各種微生物において利用可能なベクター、プロモーター、ターミネーターに関しては、例えば「微生物学基礎講座８遺伝子工学、共立出版、1987年」に詳細に記載されており、それらを利用することが可能である。

また、２またはそれ以上の遺伝子を導入する場合、各遺伝子が、発現可能に宿主に保持されていればよい。例えば、各遺伝子は、全てが単一の発現ベクター上に保持されていてもよく、全てが染色体上に保持されていてもよい。また、各遺伝子は、複数の発現ベクター上に別々に保持されていてもよく、単一または複数の発現ベクター上と染色体上とに別々に保持されていてもよい。また、２またはそれ以上の遺伝子でオペロンを構成して導入してもよい。「２またはそれ以上の遺伝子を導入する場合」としては、例えば、２またはそれ以上のタンパク質（例えば酵素）をそれぞれコードする遺伝子を導入する場合、単一のタンパク質複合体（例えば酵素複合体）を構成する２またはそれ以上のサブユニットをそれぞれコードする遺伝子を導入する場合、およびそれらの組み合わせが挙げられる。

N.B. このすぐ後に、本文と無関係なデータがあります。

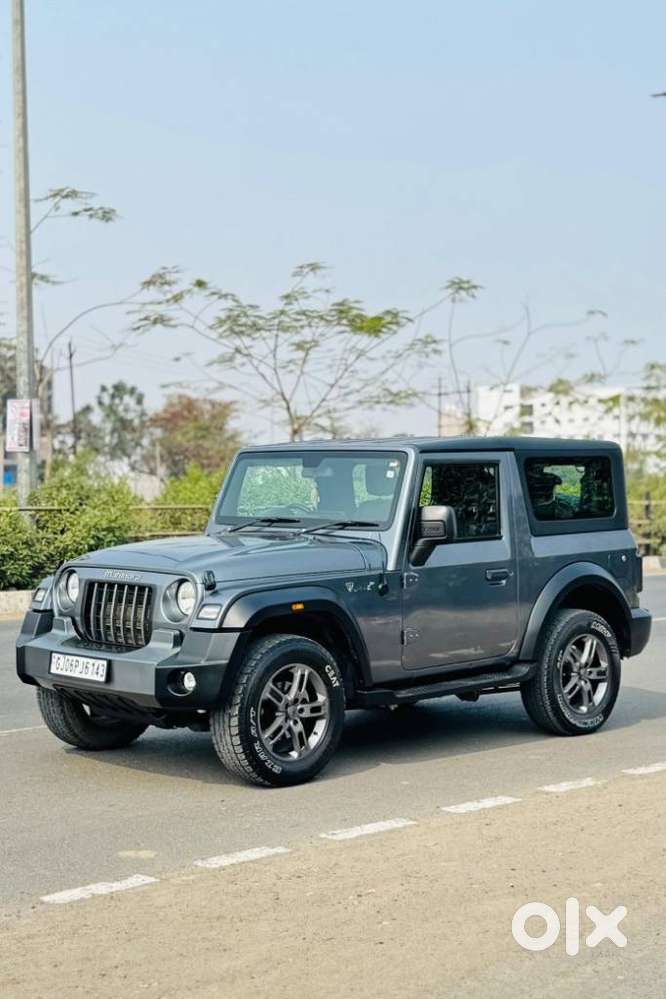 Mahindra Thar Lx D At 4wd Ht, 2022, Diesel
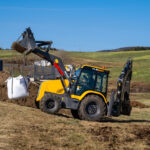 Chargeuse pelleteuse à pelle rétro déplacement latérale TLB890 -Mecalac 45 Maroc Afrique - VEMAT GROUP Senegal Mauritanie Nigeria Tchad Tunisie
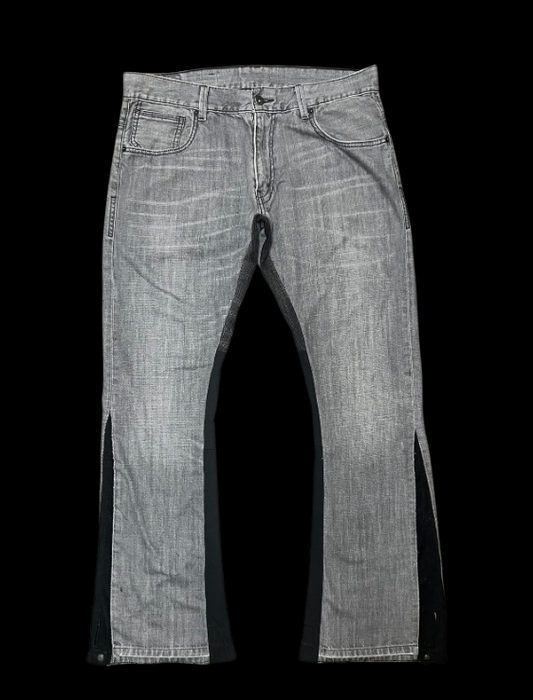 Stacked Jeans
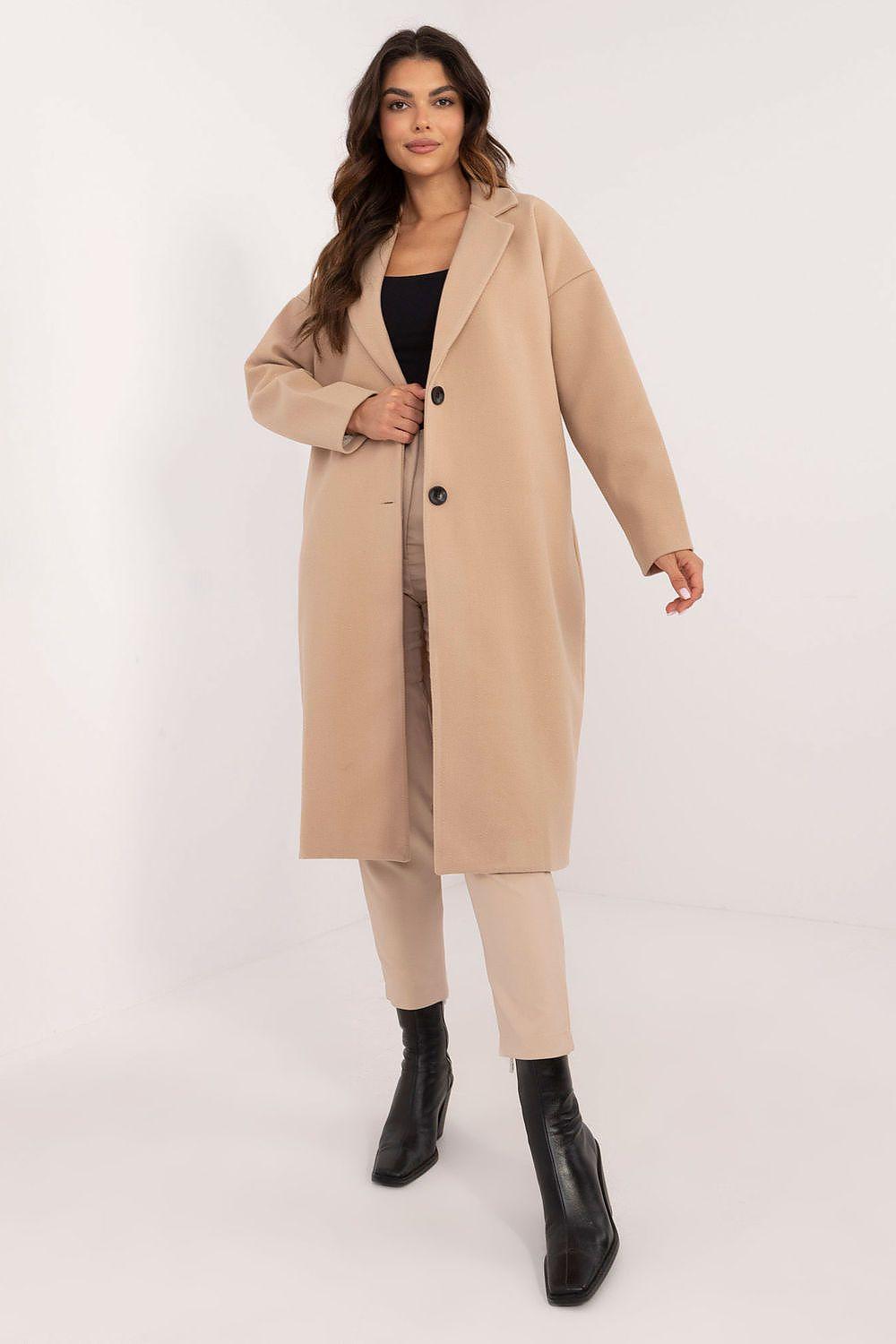 Coat model 202302 Och Bella - ElrubEcom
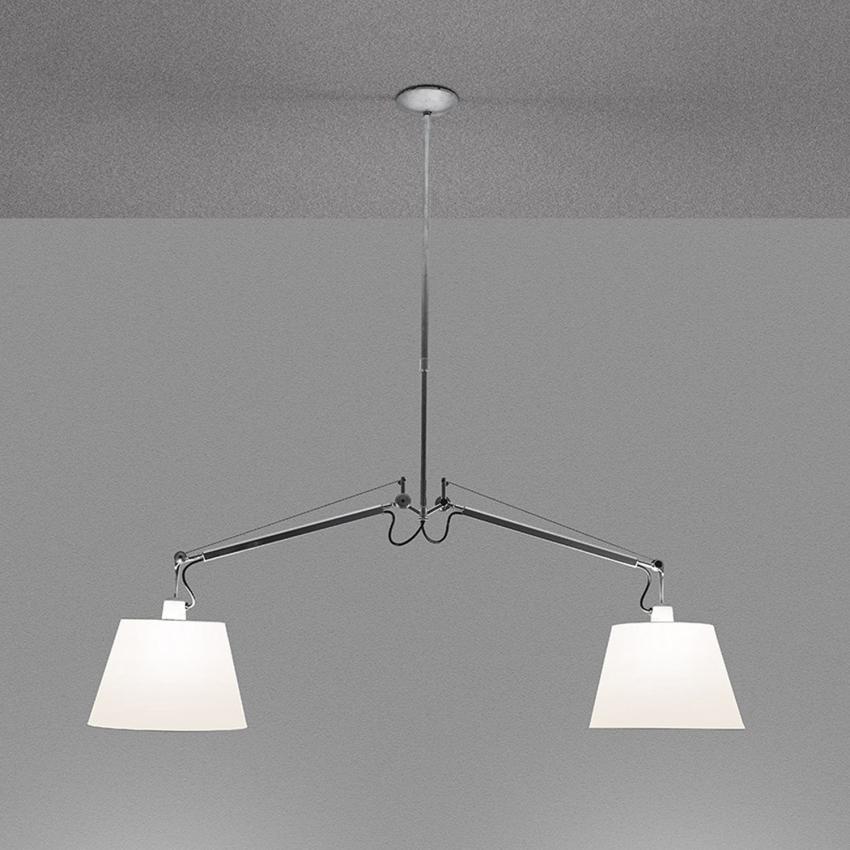 Suspension Tolomeo 2 Bras Pivotants ARTEMIDE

導入される遺伝子は、宿主で機能するタンパク質をコードするものであれば特に制限されない。導入される遺伝子は、宿主由来の遺伝子であってもよく、異種由来の遺伝子であってもよい。導入される遺伝子は、例えば、同遺伝子の塩基配列に基づいて設計したプライマーを用い、同遺伝子を有する生物のゲノムDNAや同遺伝子を搭載するプラスミド等を
鋳型として、PCRにより取得することができる。また、導入される遺伝子は、例えば、同
遺伝子の塩基配列に基づいて全合成してもよい（Gene, 60(1), 115-127 (1987)）。取得
した遺伝子は、そのまま、あるいは適宜改変して、利用することができる。すなわち、遺伝子を改変することにより、そのバリアントを取得することができる。遺伝子の改変は公知の手法により行うことができる。例えば、部位特異的変異法により、DNAの目的の部位
に目的の変異を導入することができる。すなわち、例えば、部位特異的変異法により、コードされるタンパク質が特定の部位においてアミノ酸残基の置換、欠失、挿入、および／または付加を含むように、遺伝子のコード領域を改変することができる。部位特異的変異法としては、PCRを用いる方法（Higuchi, R., 61, in PCR technology, Erlich, H. A. Eds., Stockton press (1989)；Carter, P., Meth. in Enzymol., 154, 382 (1987)）や、ファージを用いる方法（Kramer, W. and Frits, H. J., Meth. in Enzymol., 154, 350 (1987)；Kunkel, T. A. et al., Meth. in Enzymol., 154, 367 (1987)）が挙げられる。
あるいは、遺伝子のバリアントを全合成してもよい。

なお、タンパク質が複数のサブユニットからなる複合体として機能する場合、結果としてタンパク質の活性が増大する限り、それら複数のサブユニットの全てを改変してもよく
、一部のみを改変してもよい。すなわち、例えば、遺伝子の発現を上昇させることによりタンパク質の活性を増大させる場合、それらのサブユニットをコードする複数の遺伝子の全ての発現を増強してもよく、一部の発現のみを増強してもよい。通常は、それらのサブユニットをコードする複数の遺伝子の全ての発現を増強するのが好ましい。また、複合体を構成する各サブユニットは、複合体が標的のタンパク質の機能を有する限り、１種の生物由来であってもよく、２種またはそれ以上の異なる生物由来であってもよい。すなわち、例えば、複数のサブユニットをコードする、同一の生物由来の遺伝子を宿主に導入してもよく、それぞれ異なる生物由来の遺伝子を宿主に導入してもよい。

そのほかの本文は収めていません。